Diagnose and Understand Your Tinnitus

  • DO NOT panic. Tinnitus is usually not a sign of a serious, ongoing medical condition.
  • CHECK things out. The sounds you hear may actually be normal sounds created by the human body at work.
  • SEE an audiologist or ear, nose and throat specialist (ENT) interested and experienced in tinnitus treatment.
  • REVIEW your current medications (prescription, over-the-counter, vitamins and other supplements) with your medical professional to find possible causes of your tinnitus.
  • BE WARY of a hopeless diagnosis or physician advice like, “There’s nothing you can do about your tinnitus. Go home and live with it.”
  • BE a detective. Keep track of what triggers your tinnitus.
  • KEEP UP TO DATE about tinnitus. More and more research by the best and the brightest is bringing us closer to successful treatments and cures for tinnitus.

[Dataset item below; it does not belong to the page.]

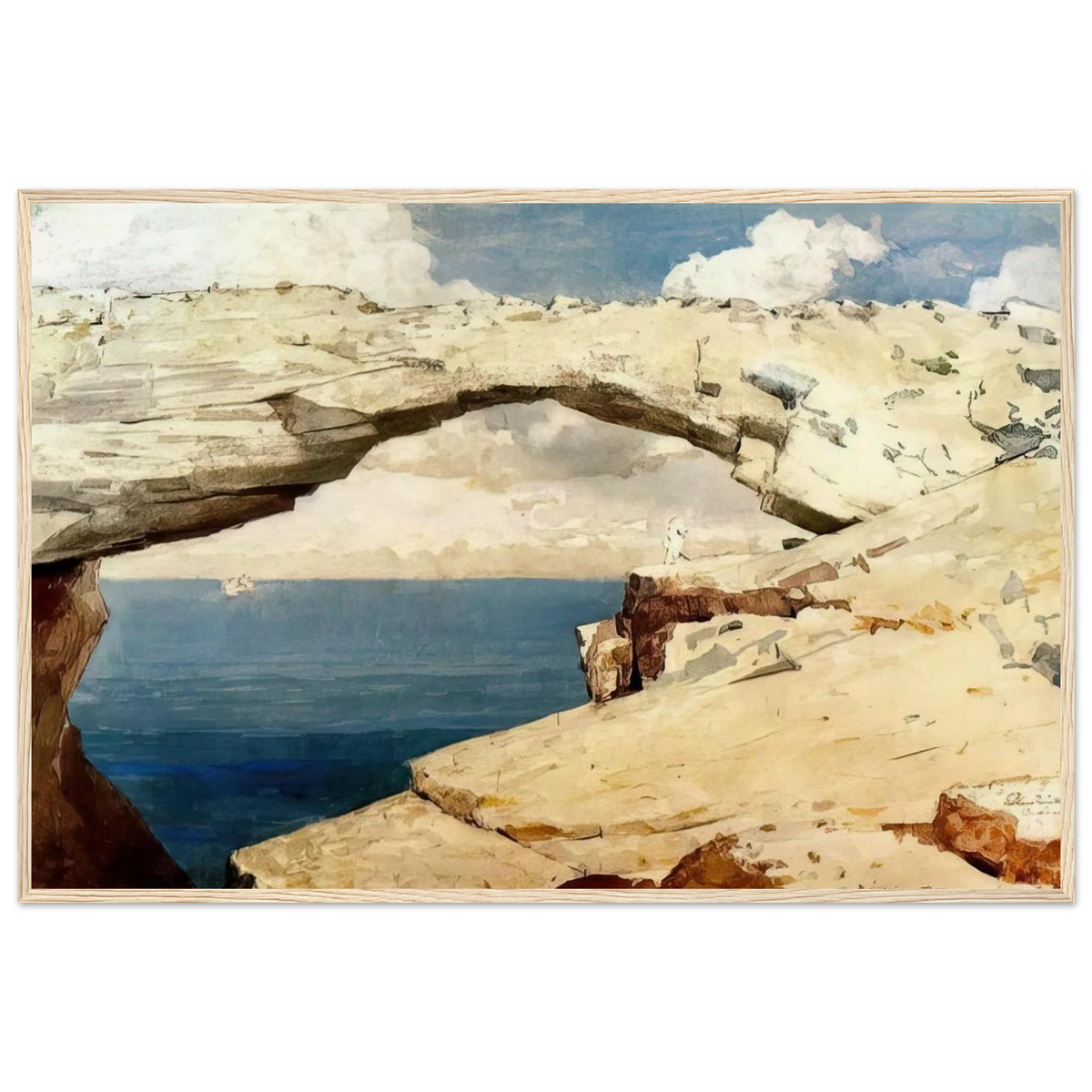 GLASS WINDOWS BAHAMAS 1885 Framed Poster | Winslow Homer Framed Prints Wall Art | Winslow Homer Store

Find Effective Treatment and Take Care of Yourself

  • BE KIND to yourself. Developing tinnitus means you have undergone a significant physical, emotional and maybe even life-style change.
  • EXAMINE how you live to find ways to eliminate or reduce some stress in different parts of your life; stress often makes tinnitus worse.
  • PAY ATTENTION to what you eat. One-by-one, eliminate possible sources of tinnitus aggravation, e.g., salt, artificial sweeteners, sugar, alcohol, prescription or over-the-counter medications, tobacco and caffeine. (Do not stop taking medications without consulting with your health care professional.)
  • DON’T GIVE UP on a treatment if it doesn’t work right away. Some can take quite a while to have a positive effect.
  • PROTECT YOURSELF from further auditory damage by avoiding loud places and by using earplugs when you can’t avoid loud noise.

Your Attitude Matters

  • DO NOT create any negative forecasts for your tinnitus, such as “This is never going to get any better.” Counting on a better future can help you create one.
  • TAKE HEART. In many cases people with tinnitus “habituate” to it, meaning they get used to it and notice it less than at first.
  • BE INVOLVED in your recovery. Consider yourself part of your treatment team where your thoughts and feelings should count.
  • DO NOT WASTE time blaming yourself for your tinnitus. The causes of tinnitus are varied and difficult to determine.

Line Up Support

  • LOCATE people who understand your struggles and learn that you are not alone. Have people in your life who, though they cannot “see” or “hear” your tinnitus, understand that you have it.
  • FIND a support group that will truly understand your struggles with tinnitus and help you sort out useful from useless information. You will find compassion, companionship and coping strategies. (ATA has information on tinnitus support groups and individual, helpful volunteers.)
  • EDUCATE your family, friends and co-workers about tinnitus; tell them about the conditions and settings that are difficult for you; and ask them for their support.
  • CONTINUE SEEKING reliable information from ATA and other credible sources.